(Work required)
Print, with no pictures, the exact lines that run from the one containing "2nd image of 506 157th St" through the last line of the material below, both ends included.

(Information shown)
++++++++++
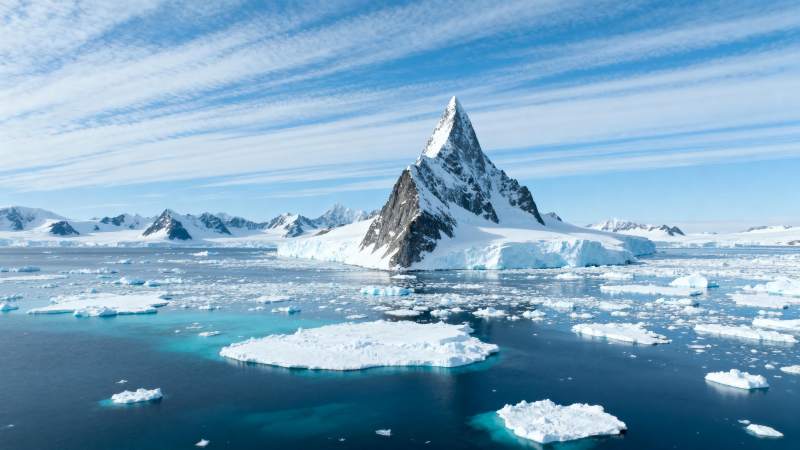 冰峰雪海奇景图片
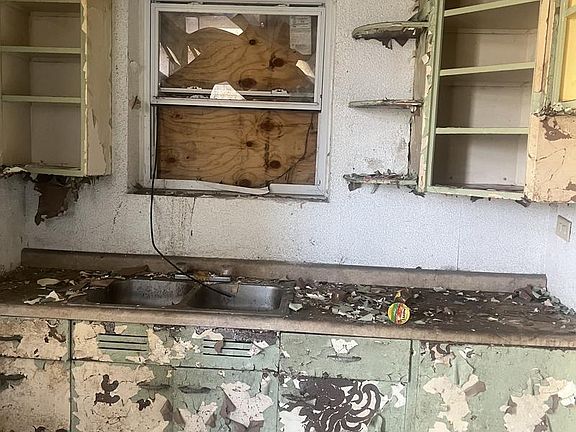 2nd image of 506 157th St
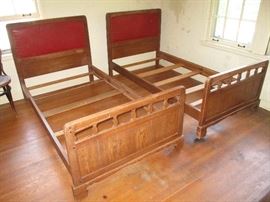 Vintage Northern Furniture Company bedroom furniture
++++++++++
(Task response)
 2nd image of 506 157th St
 Vintage Northern Furniture Company bedroom furniture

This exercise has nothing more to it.